HOW TO COMPLETE THIS TASK:
Using the material below, print a verbatim copy of every line from the one containing "21/22 UPPER DECK" through the one containing "Alpinestars SMX Plus", inclusive, and omit the pictures.

=======

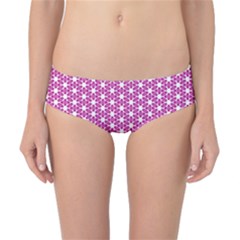 Cute Pretty Elegant Pattern Classic Bikini Bottoms by GardenOfOphir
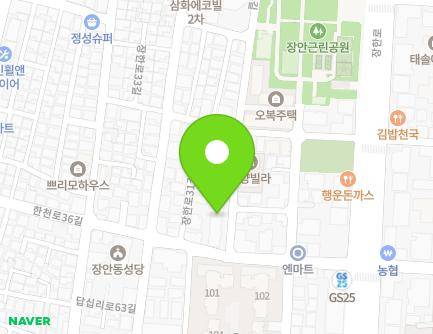 28 Janghan-ro 31-gil, Dongdaemun-gu, Seoul, Republic of Korea Map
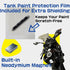 Rewtrux Motorcycle Stylus Pen, Magnetic Stylus, Phone Stylus for Motorcycle, Glove-Friendly Pen, Anti-Loss Strap, Metal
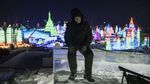 Foto Festival Es Terbesar Sedunia di China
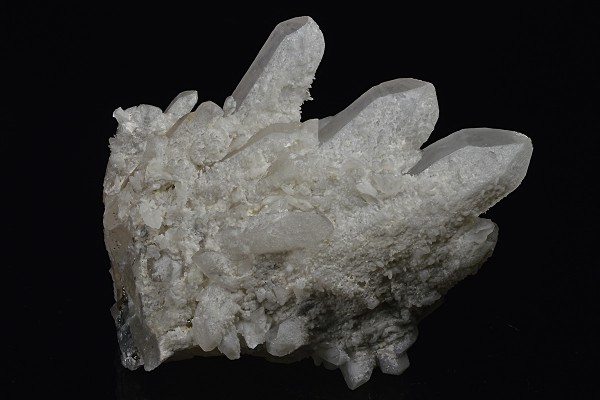 Two generations Quartz with Pyrite inclusions
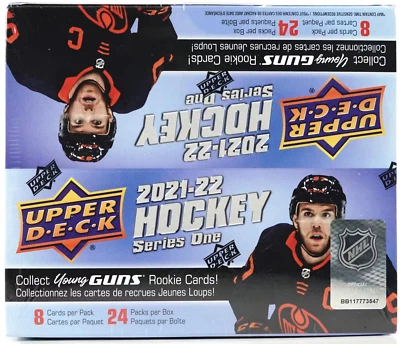 21/22 UPPER DECK SERIES 1 INSERTS, ELCTRO, HUNDO P, DEBUT DATES PICK LIST IN GOO - Image 1 of 4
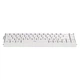 Механічна клавіатура з HOT SWAP на магнітних світчах AULA HERO 68 HE , 8K, 68 key, RGB, Win,Mac OS, УКР/АНГЛ, White/БІЛА (HERO68HEW) - изображение 5
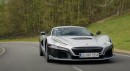 Richard Hammond drives a Rimac six years after he crashed one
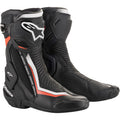 Alpinestars SMX Plus Vented Boots - Black/White/Red - 2221119-1231-39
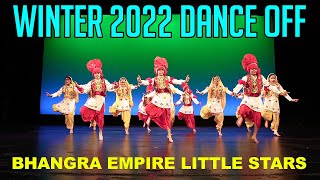 Bhangra Empire Little Stars - Winter 2022 Dance Of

=======

WRITTEN SOLUTION:
 21/22 UPPER DECK SERIES 1 INSERTS, ELCTRO, HUNDO P, DEBUT DATES PICK LIST IN GOO - Image 1 of 4
 Механічна клавіатура з HOT SWAP на магнітних світчах AULA HERO 68 HE , 8K, 68 key, RGB, Win,Mac OS, УКР/АНГЛ, White/БІЛА (HERO68HEW) - изображение 5
 Richard Hammond drives a Rimac six years after he crashed one
 Alpinestars SMX Plus Vented Boots - Black/White/Red - 2221119-1231-39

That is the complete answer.